Kenworthy graduated from Telluride High School in June 2010. He could have graduated in 2009 but chose instead to take a year off to ski.

Career
Kenworthy won AFP World Championships overall titles in 2011, 2012, and 2013. In 2014, he placed second at the Olympics in Sochi, Russia and won his first medal, a bronze, at the X Games in Tignes, France in the slopestyle event. He won the World Cup Men's Halfpipe in Park City, Utah, in 2015 and again in 2016 in Mammoth, California, and finished second in 2017. He finished third in the Men's Slopestyle during the 2017 World Cup in Silvaplana, Switzerland.

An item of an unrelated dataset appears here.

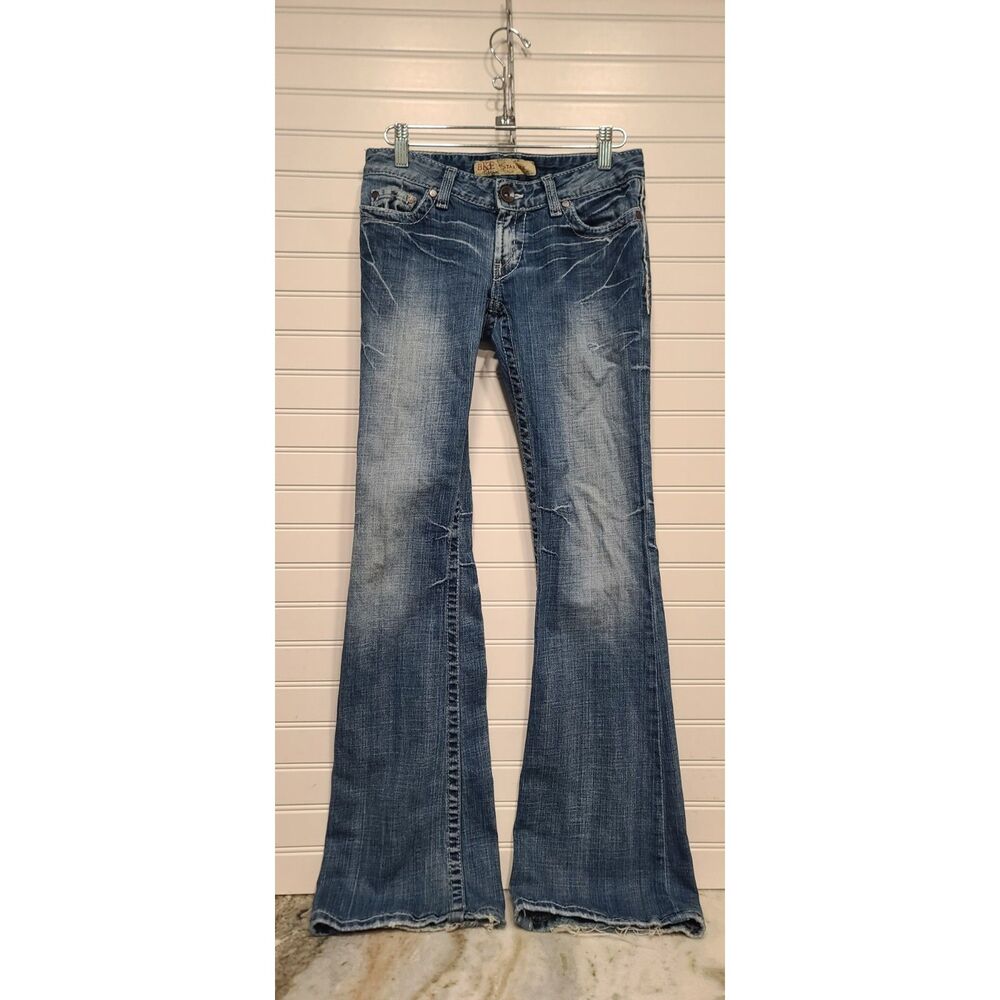 BKE Denim Starlite Stretch Blue Distressed Bootcut Jeans Size 26X33.5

In 2019, Kenworthy guest starred on RuPaul's Drag Race, All Stars 4, Episode 3, "Snatch Game of Love", as one of the available bachelors. Kenworthy joined the main cast in the ninth season of FX's anthology series American Horror Story as Chet Clancy. In December 2019, he announced he would compete for his birth nation, Great Britain. In February 2020, he won his first gold medal as a competitor for Great Britain. In January 2022, he made his final X Games competition competing in the Superpipe final. He finished his X Games career having made 32 appearances in the event and joining some of the greats of the sport.

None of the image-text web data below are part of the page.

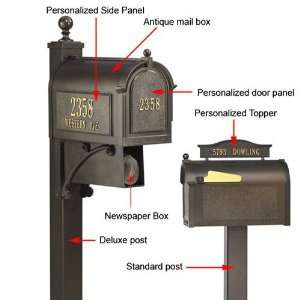 Newspaper Box for Antique mail box   Aluminum Black 4 x 7 x 16 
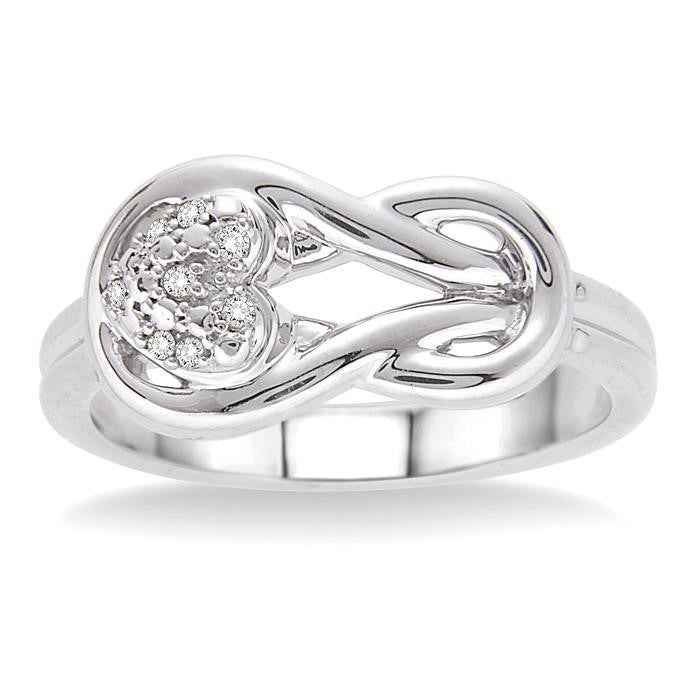 1/50 Ctw Heart Shape Round Cut Diamond Fashion Ring in Sterling Silver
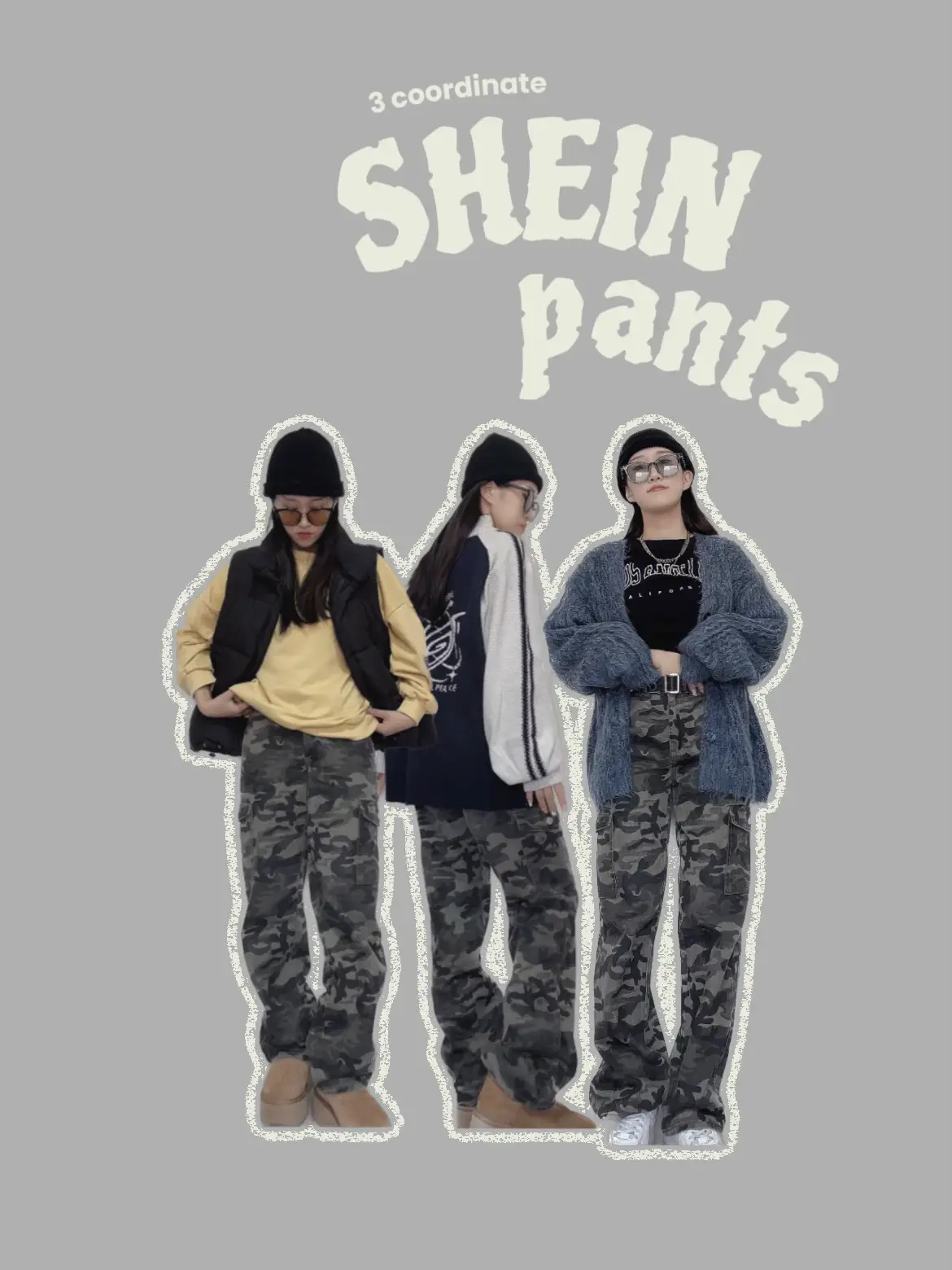 SHEIN】人気の迷彩柄パンツ 3コーデ | aiが投稿したフォトブック | Lemon8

At the 2022 Winter Olympics, Kenworthy competed for the last time. He qualified for the final in 12th and finished 8th in the final.

Personal life
In October 2015, Kenworthy publicly came out as gay in an interview with ESPN. He said in a later interview with Attitude magazine that he chose to come out on ESPN because "I wanted to do it in my words and once and for all–and hopefully help kids that are in the same position I was." Rolling Stone noted the "freestyle medalist is the first action-sports star to come out." He was in a relationship with Robin Macdonald, who was also involved in the ski industry, working in film and photography. The couple gained international media attention as a result of Macdonald texting him a photo of five stray dogs—four puppies and their mother—during their stay in Sochi, at the 2014 Winter Olympics. Macdonald stayed behind for more than a month to save the family of dogs, and others, while he fought to bring them home. Their adoption of these dogs helped bring further attention to the problematic rise of the stray dog population in Sochi, which grew significantly during the Olympics. The two eventually broke up after a five-year relationship.

From November 2015 to July 2019, Kenworthy was in a relationship with American theatre and film actor and reality television personality Matthew Wilkas. At the 2018 Winter Olympics, in Pyeongchang, South Korea, Wilkas kissed Kenworthy before his qualifying run in the men's slopestyle; the kiss was broadcast on live television and was lauded as being a significant moment for the visibility of LGBT athletes. In June 2017, Kenworthy received the HRC Visibility Award for his work in LGBT visibility in professional sports.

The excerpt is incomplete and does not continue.